Todo este enjambre de sectas y confesiones exóticas cristalizó en el gran hallazgo de América: el impulso dado al sistema educativo. Educación es, ayer y hoy, progreso. A mediados del siglo XIX, ya existía un denso tejido educativo, público y privado, en los EEUU. El Estado se había hecho cargo de sostener económicamente la educación de millones de niños y adolescentes. Las escuelas públicas no estaban controladas por ninguna secta religiosa, pero extendían valores religiosos: para ellos, religión y educación eran terrenos inseparables. Pragmáticos, como siempre, intentaron que, más que una forma de culto, la educación difundiera una forma de comportamiento y actitud social, que luego, los padres, en el hogar, podían o no fortalecer.

Decir que aquello era una balsa de aceite religiosa es completamente inexacto. Las tensiones dramática en materia espiritual existieron desde los comienzos de la nación americana. No hace falta aludir a la «caza de brujas» que tuvo lugar en Salem en el siglo XVIII y que evidenció hasta dónde podía llegar la histeria colectiva y lo mínimos que podían ser los desencadenantes. Thomas Merton quien intentó llevar a EEUU la costumbre pagana de la fiesta del «Palo de Mayo» se hizo acreedor de la persecución por motivos religiosos. A partir del primer cuarto del siglo XIX, empezaron a llegar de forma masiva inmigrantes irlandeses, esto es, católicos, que encajaron mal con este panorama religioso. En los veinticinco años que siguieron establecieron diócesis por todo el territorio de los EEUU y a partir de 1834 tuvieron que afrontar campañas anticlericaless procedentes de distintos sectores evangélicos y masónicos. Aparecieron panfletos difamatorios, especialmente contra los conventos. No faltaban, al igual que en la literatura anticatólica europea, elementos pornográficos que colocaban un punto de picante en el relato. Tuvieron inmenso éxito. En 1834, un convento de monjas ursulinas fue incendiado en Boston. No hubo tribunal capaz de condenar a los instigadores y, los propios jueces, estaban convencidos de que se asesinaba a niños ilegítimos en los inexistentes calabozos subterráneos del convento.

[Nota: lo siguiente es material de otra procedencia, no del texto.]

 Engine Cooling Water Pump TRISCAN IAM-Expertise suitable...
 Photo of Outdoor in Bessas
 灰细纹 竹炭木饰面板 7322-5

También apareció el temor a una «conspiración católica» destinada a conquistar el valle del Mississippi, dirigida por el Papa y el emperador austriaco. Escritores notables (Lyman Beecher o Samuel Morse) afirmaron que los emperadores europeos enviaban a América a sus súbditos para que se apoderaran del país. Era cierto que los inmigrantes católicos aceptaban salarios bajos y rompían el mercado de trabajo, pero era incuestionable que la riada migratoria no estaba inducida por ningún «centro oculto» de poder europeo. De todas formas, esta tendencia al «conspiracionismo» ha estado, a partir de entonces, implícita en un reducto de la población norteamericana que siempre ha integrado cualquier acontecimiento en su particular visión del mundo, por irracional que fuera. Aún hoy, en la América profunda, se cree que la ONU es una conspiración comunista destinada a esclavizar a América y quienes justifican este criterio no tienen dificultades en encontrar una amplia panoplia de argumentos paranoides…

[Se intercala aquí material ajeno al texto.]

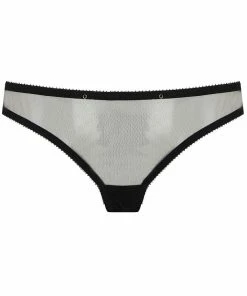 Edge O' Beyond Marinette Brazilian Brief Knickers
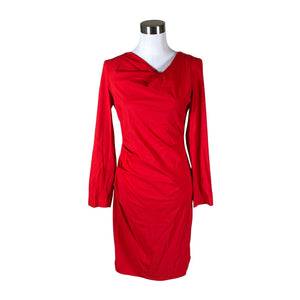 Unisex LaSalle - Trikoomekko, koko 36 -  (1)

Desde la autora de La Cabaña del Tío Tom hasta los conspiracionistas anticatólicos, pasando por los mentores del movimiento cuáquero, los mormones, los adventistas, los messmeristas, espiritistas, nutricionistas, etc., lo que se había creado era una propia «religión nacional» que influía decisivamente en la vida norteamericana y en la formación de la mentalidad y el carácter a través del sistema educativo público. Ciertamente, esta religión era indefinida, carecía de un culto único e incluso sus enfoques eran radicalmente distintos… pero coincidían en su rechazo a la esclavitud. Sin embargo, la esclavitud era tan antigua en Norteamérica como el gobierno representativo. Efectivamente, había aparecido en 1619 cuando un navío holandés llevó a los primeros esclavos al territorio de las colonias de Nueva Inglaterra.

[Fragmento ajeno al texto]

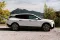BMW iX xDrive50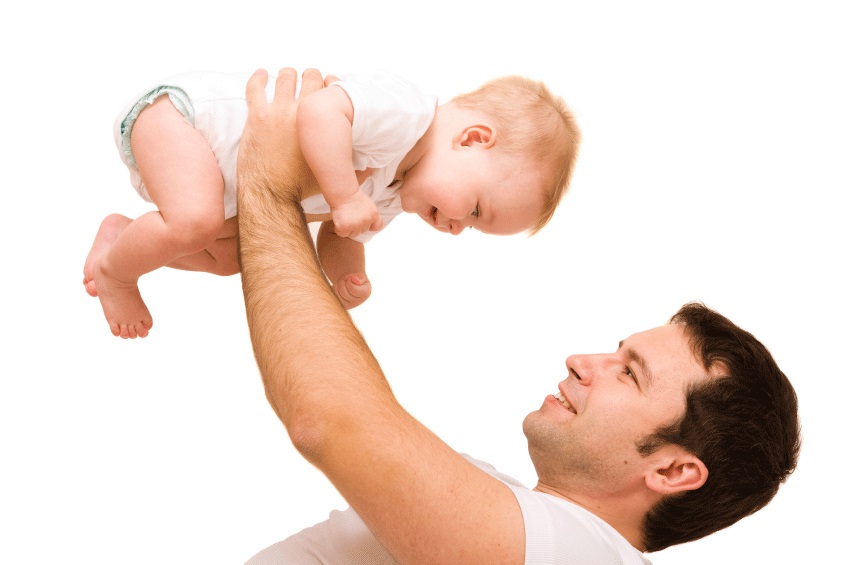 фото5.jpg фото5.jpg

Progresivamente, a lo largo del segundo tercio del siglo XIX, pudo comprobarse que el esclavismo y el espíritu religioso eran altamente incompatibles y terminaron desembocando en la guerra civil. No en vano Paul Jhonson dice en su Historia de los EEUU: «el Segundo Gran Despertar, con su aguda intensificación de la pasión religiosa, significará la sentencia de muerte de la esclavitud, del mismo modo que el Primer Despertar había firmado la sentencia de muerte del colonialismo británico».

Una vez terminada la guerra civil, América irradiará poderosamente, primero en Centroamérica (guerra contra México e intervención en distintos países centroamericanos), después en el Caribe y el Pacífico (guerra contra España), para luego proyectarse sobre Europa (con las dos guerras mundiales), sobre el sudeste asiático (frustrada intervención en la Península Indochina) y más tarde sobre Oriente Medio y Asia Central (directamente o a través de la alianza privilegiada que EEUU mantiene con el Estado de Israel). Es indudable que esta expansión tiene una motivación fundamentalmente geopolítica y económica, pero el gran hallazgo de Norteamérica ha sido justificarla, no en función de las ambiciones territoriales o la intención manifiesta de depredación económica, sino por argumentos éticos y morales. En la etapa actual correspondió a los “cristianos renacidos” aportar las argumentaciones intervencionistas a la opinión pública.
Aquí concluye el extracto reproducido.